There is a huge hype around how artificial intelligence would someday lead to superintelligent AI. This superintelligent AI will be the harbinger of intelligent machines and also mark the achievement of reaching the long-term goal of human-level intelligence.
This concept was first discussed way back around 1950s, by computer pioneer Alan Turing. He proposed that it is possible that the human species would be "greatly humbled" by AI, and its applications may surpass the general unease of making something smarter than oneself. . However, superintelligent AI has had a negative reputation so far.
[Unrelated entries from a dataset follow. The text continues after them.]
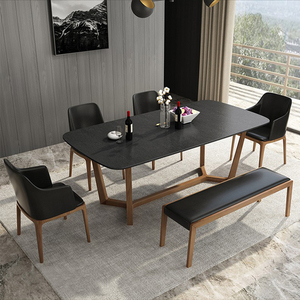 北欧黑色火烧石餐桌简约现代家用实木长方形火山石小户型吃饭桌子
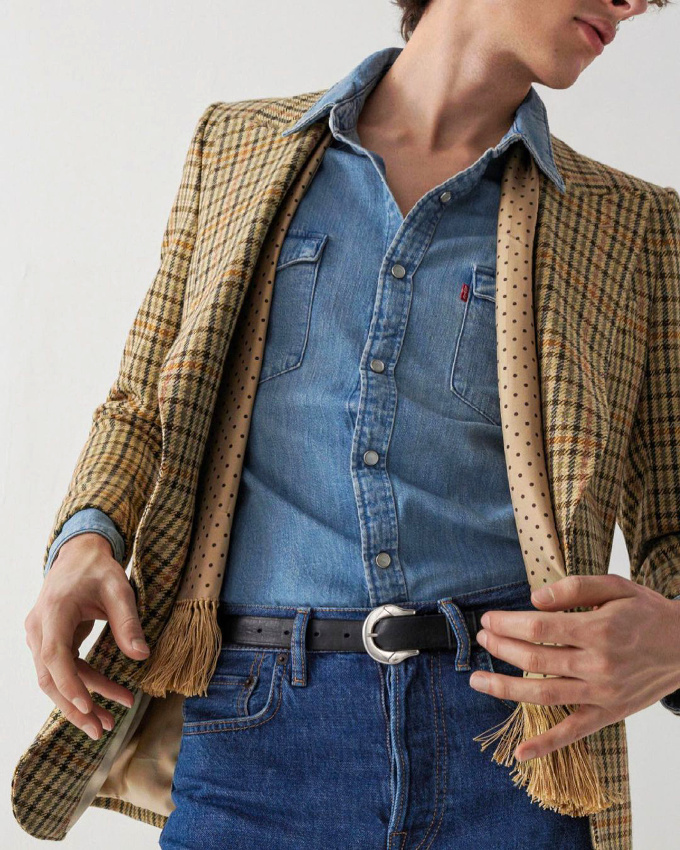 Combo de jean + tweed = le bon mix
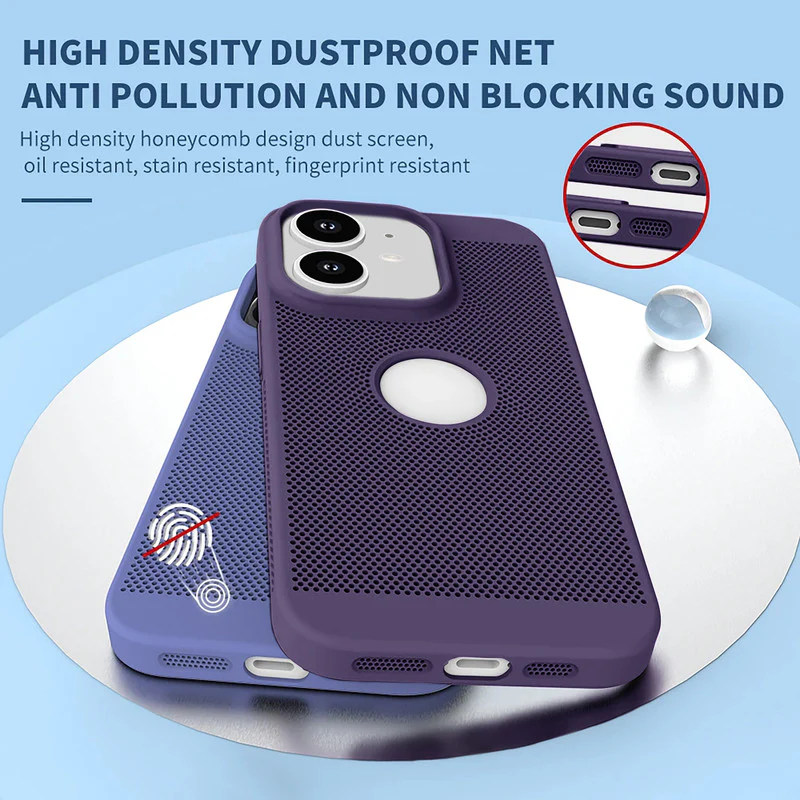 Ultra Slim Full Coverage Heat Sink Case with Honeycomb Mesh Back Cover For Apple iPhone 12 - Image 19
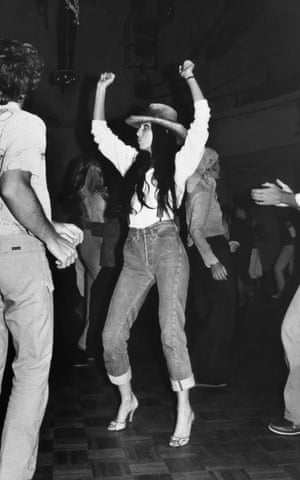 On the dance floor in denim at Studio 54, 1977.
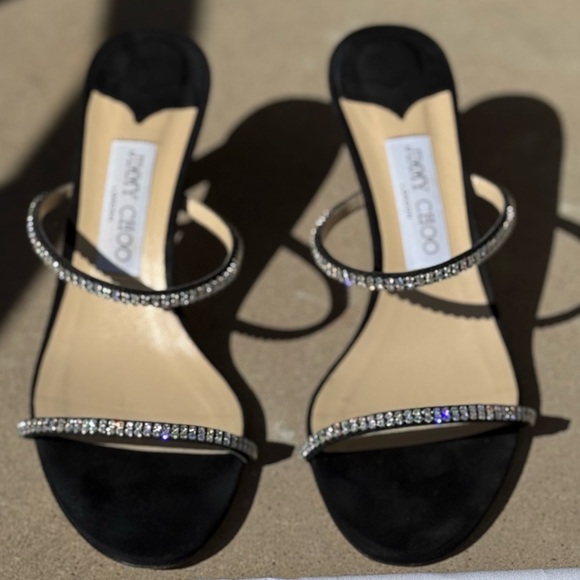 Jimmy Choo Black Heels with Rhinestone Straps - Picture 1 of 14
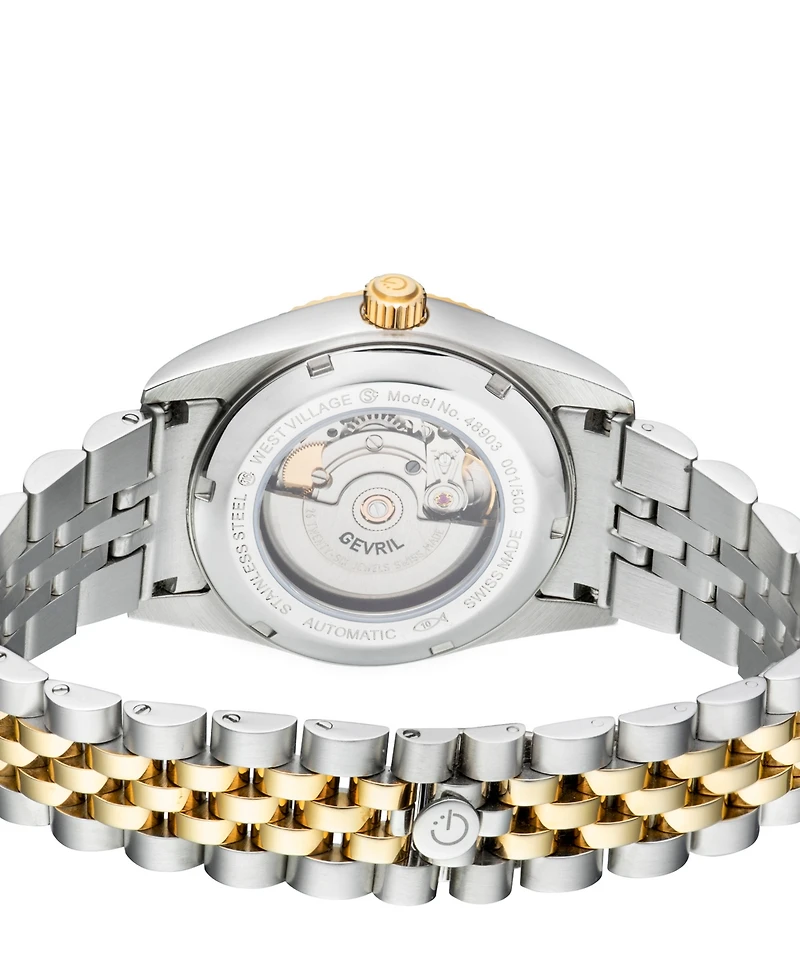 Gevril Men's West Village Swiss Automatic Two-Toned Ss Ipyg Stainless Steel Bracelet Watch 40mm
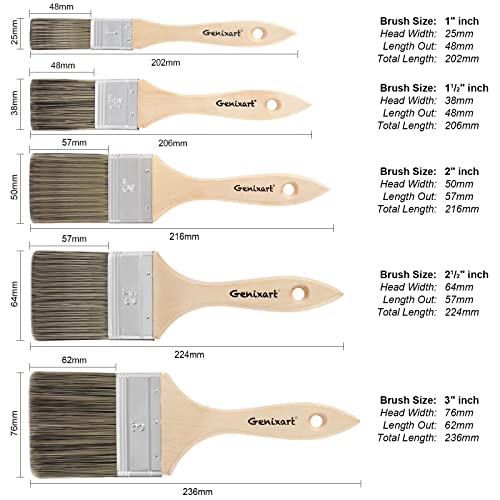 Genixart Chip Brush Set, Multi-Purpose Masonry Paint Brushes for Walls Painting Staining Varnishing Cleaning (Assorted Sizes)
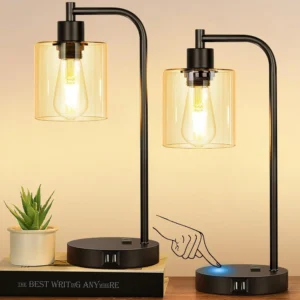 Set of 2 Industrial Touch Control Table Lamps with USB C+A Ports and AC Outlet, Dimmable, Bulb Included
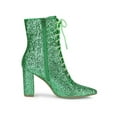 thumbnail image 4 of BLISSFUL STEP Women's Pointy Toe Block Heel Glitter Ankle Boots Green 5.5, 4 of 9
In light of recent advances in artificial intelligence, several tech pundits have revived the discussion about the potential dangers of this version of AI. Meanwhile, there is no way to subdue the fears about superintelligent AI, causing elimination of humanity instead of being a gift
Some of this paranoia, was fueled by Elon Musk's speech at MIT in 2014, where he called artificial intelligence as humanity's "biggest existential threat" and compared it to "summoning the demon." This fear has also been reiterated by luminaries like Stephen Hawking, and many of the researchers publishing groundbreaking results that agree on the risks posed by AI superintelligence.
Even Oxford Professor Nick Bostrom's 2014 book Superintelligence: Paths, Dangers, Strategies presented a detailed case for taking the risk seriously. The book focuses on the stage at which artificial intelligence achieves an intelligence explosion. As per his claim, 90% human-level AI will be attained by 2075. However, many experts have dismissed such claims due to lack of data or have called Bostrom as 'professional scaremonger'. In his MIT Technology Review article, Oren Etzioni, CEO of the Allen Institute for Artificial Intelligence pointed out that though artificial intelligence has attained the intelligence level to defeat us in board games like Chess, AI has failed to score above 60% on eighth grade science tests or score above 48% in disambiguating simple sentences.
Though this doesn't imply that superintelligent AI is impossible. In fact, it is evident, but there maybe no fail proof way to known that. Kevin Kelly, Founding Editor of Wired magazine, stated that intelligence is not a single dimension, so 'smarter than humans' is a meaningless concept.
A recent paper in the Journal of Artificial Intelligence Research has caught the attention of the scientific community, warning that it could become fundamentally impossible to control a superintelligent AI. The paper is based on a study by scientists at Max-Planck institute along with an international team of researchers, who have been investigating the possibility of monitoring superintelligent machines with the help of algorithms. They, hypothesized a theoretical containment algorithm that ensures a superintelligent AI cannot harm people under any circumstances. Their study involved simulating the AI's behavior first and then halting it when considered harmful.
According to study coauthor Manuel Cebrian, a superintelligent machine that controls the world sounds like science fiction. Manuel is the Leader of the Digital Mobilization Group at the Center for Humans and Machines of the Max Planck Institute for Human Development. "But there are already machines that perform certain important tasks independently without programmers fully understanding how they learned it. The question therefore arises whether this could at some point become uncontrollable and dangerous for humanity," he continued while speaking to a press release.
A halting problem proposed by Alan Turing, is an algorithm in which given information about a program and an input to that program, the algorithm will always predict whether the program will halt when fed with that input. The irony is that the halting problem is undecidable.
Careful analysis carried out by the team found that the current paradigm of computing cannot build such an algorithm. Based on these calculations the containment problem is incomputable, no single algorithm can find a solution for determining whether an AI would produce harm to the world. Hence, the paper authors argue that total containment is, in principle, impossible, due to fundamental limits inherent to computing itself.
Iyad Rahwan, Director of the Center for Humans and Machines, says that if an algorithm can command a superintelligent machine not to destroy the world, then it could halt its operations. "If this happened, you would not know whether the containment algorithm is still analyzing the threat, or whether it has stopped to contain the harmful AI. In effect, this makes the containment algorithm unusable," Iyad adds. Furthermore, the researchers highlight that there is no way to know if or when will superintelligent machines arrive. This is because deciding whether a machine exhibits intelligence superior to humans is in the same realm as the containment problem.
Nick Bostrom has proposed another solution to control superintelligent AI, which is by limiting its abilities by cutting it off from Internet, in order to prevent it from doing harm to humans. However, this approach will only render the superintelligent AI significantly less powerful.